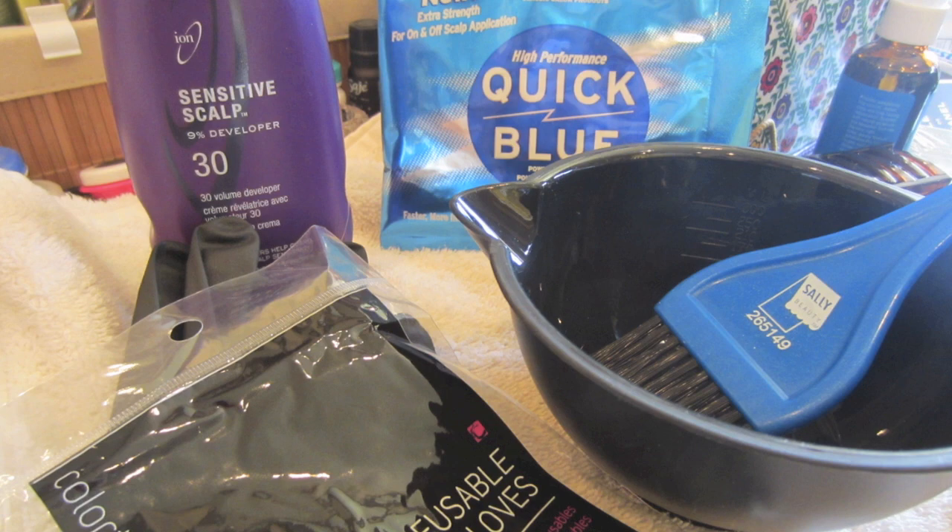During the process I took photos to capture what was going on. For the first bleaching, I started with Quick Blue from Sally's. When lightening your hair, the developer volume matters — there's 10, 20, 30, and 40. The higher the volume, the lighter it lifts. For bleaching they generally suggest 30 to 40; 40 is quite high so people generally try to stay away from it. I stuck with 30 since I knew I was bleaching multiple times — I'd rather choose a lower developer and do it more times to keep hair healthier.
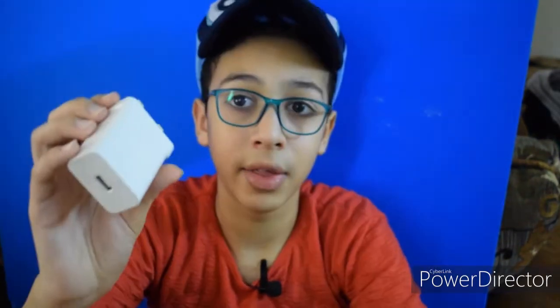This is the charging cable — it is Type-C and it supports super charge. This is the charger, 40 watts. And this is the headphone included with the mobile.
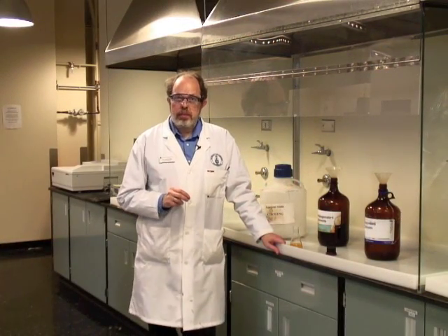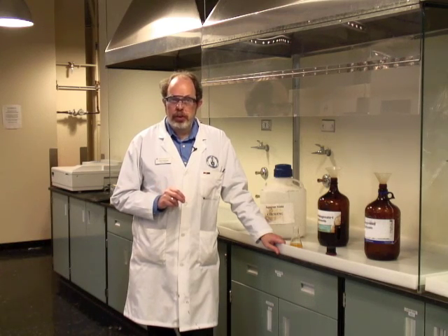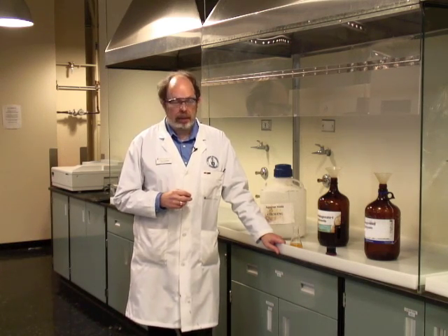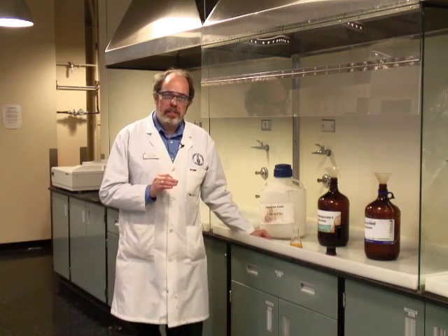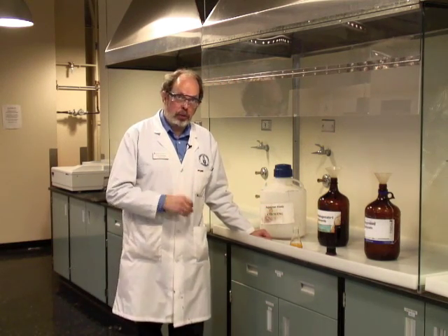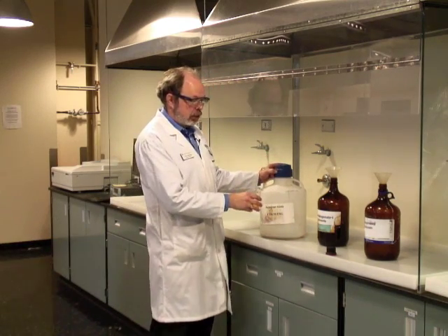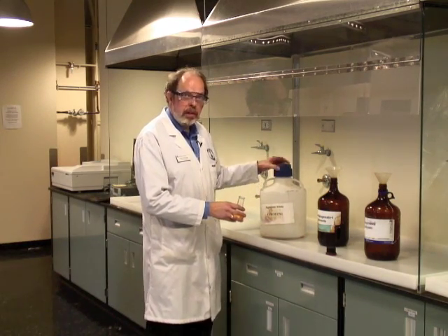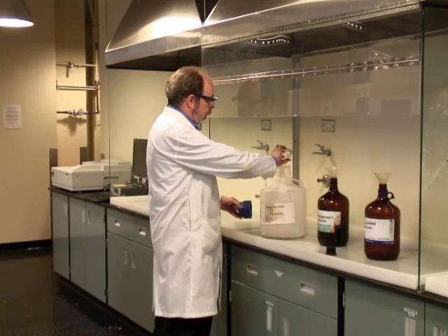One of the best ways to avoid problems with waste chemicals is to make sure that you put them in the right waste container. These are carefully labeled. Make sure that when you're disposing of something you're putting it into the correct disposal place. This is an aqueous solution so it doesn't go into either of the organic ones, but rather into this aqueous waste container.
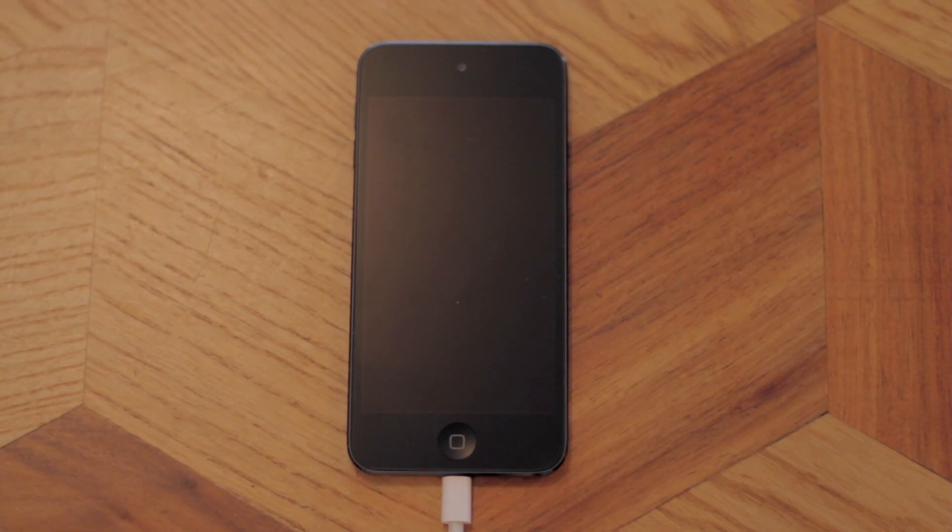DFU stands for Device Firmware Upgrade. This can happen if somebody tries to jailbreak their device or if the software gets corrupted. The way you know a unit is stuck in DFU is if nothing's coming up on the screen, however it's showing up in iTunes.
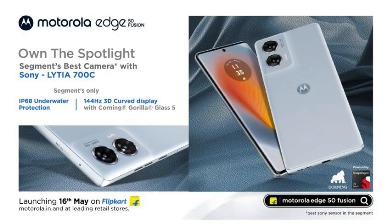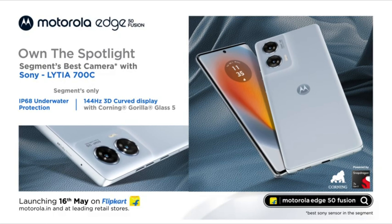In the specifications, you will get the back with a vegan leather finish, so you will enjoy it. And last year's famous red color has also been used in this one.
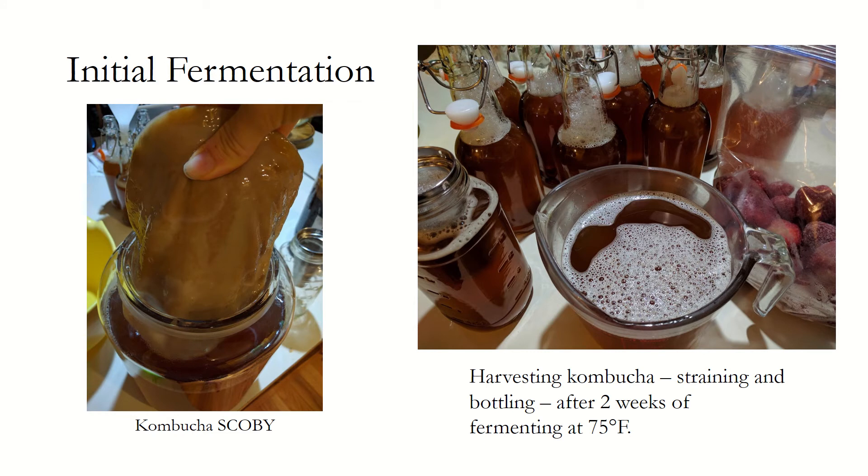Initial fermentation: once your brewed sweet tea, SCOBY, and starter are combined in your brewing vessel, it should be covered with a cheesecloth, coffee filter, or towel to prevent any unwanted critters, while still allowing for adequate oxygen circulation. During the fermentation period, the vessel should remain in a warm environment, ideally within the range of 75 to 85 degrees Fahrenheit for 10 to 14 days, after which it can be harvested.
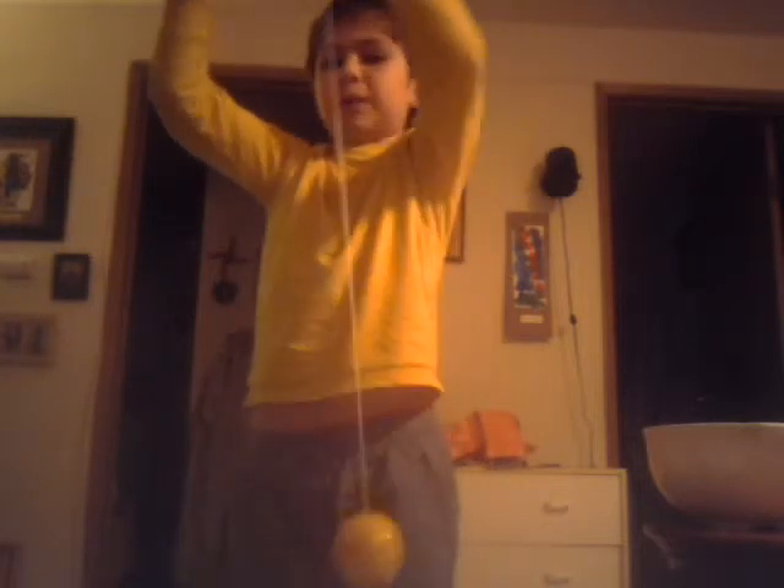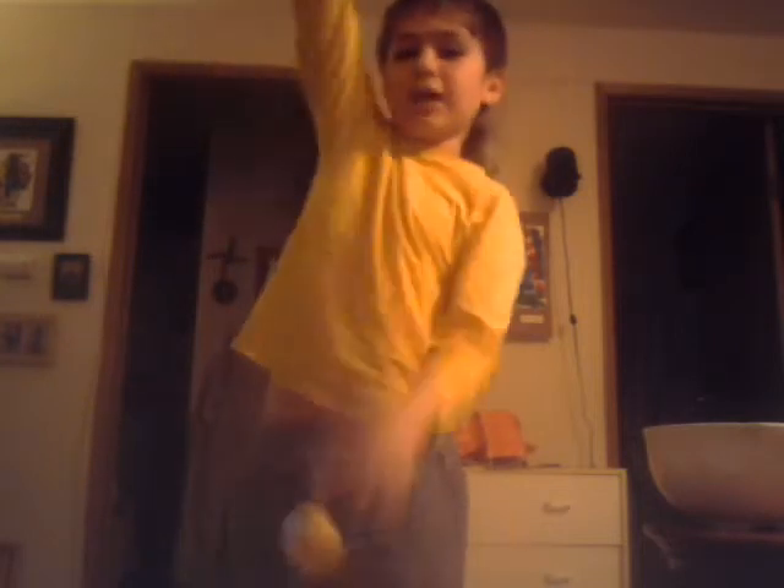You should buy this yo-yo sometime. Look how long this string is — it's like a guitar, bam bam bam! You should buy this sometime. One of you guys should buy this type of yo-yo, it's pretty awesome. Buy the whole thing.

Assigned task => Each record above must be set down again unchanged, with its pictures left out.

Solution to this problem =>
During the process I took photos to capture what was going on. For the first bleaching, I started with Quick Blue from Sally's. When lightening your hair, the developer volume matters — there's 10, 20, 30, and 40. The higher the volume, the lighter it lifts. For bleaching they generally suggest 30 to 40; 40 is quite high so people generally try to stay away from it. I stuck with 30 since I knew I was bleaching multiple times — I'd rather choose a lower developer and do it more times to keep hair healthier.
This is the charging cable — it is Type-C and it supports super charge. This is the charger, 40 watts. And this is the headphone included with the mobile.
One of the best ways to avoid problems with waste chemicals is to make sure that you put them in the right waste container. These are carefully labeled. Make sure that when you're disposing of something you're putting it into the correct disposal place. This is an aqueous solution so it doesn't go into either of the organic ones, but rather into this aqueous waste container.
DFU stands for Device Firmware Upgrade. This can happen if somebody tries to jailbreak their device or if the software gets corrupted. The way you know a unit is stuck in DFU is if nothing's coming up on the screen, however it's showing up in iTunes.
In the specifications, you will get the back with a vegan leather finish, so you will enjoy it. And last year's famous red color has also been used in this one.
Initial fermentation: once your brewed sweet tea, SCOBY, and starter are combined in your brewing vessel, it should be covered with a cheesecloth, coffee filter, or towel to prevent any unwanted critters, while still allowing for adequate oxygen circulation. During the fermentation period, the vessel should remain in a warm environment, ideally within the range of 75 to 85 degrees Fahrenheit for 10 to 14 days, after which it can be harvested.
You should buy this yo-yo sometime. Look how long this string is — it's like a guitar, bam bam bam! You should buy this sometime. One of you guys should buy this type of yo-yo, it's pretty awesome. Buy the whole thing.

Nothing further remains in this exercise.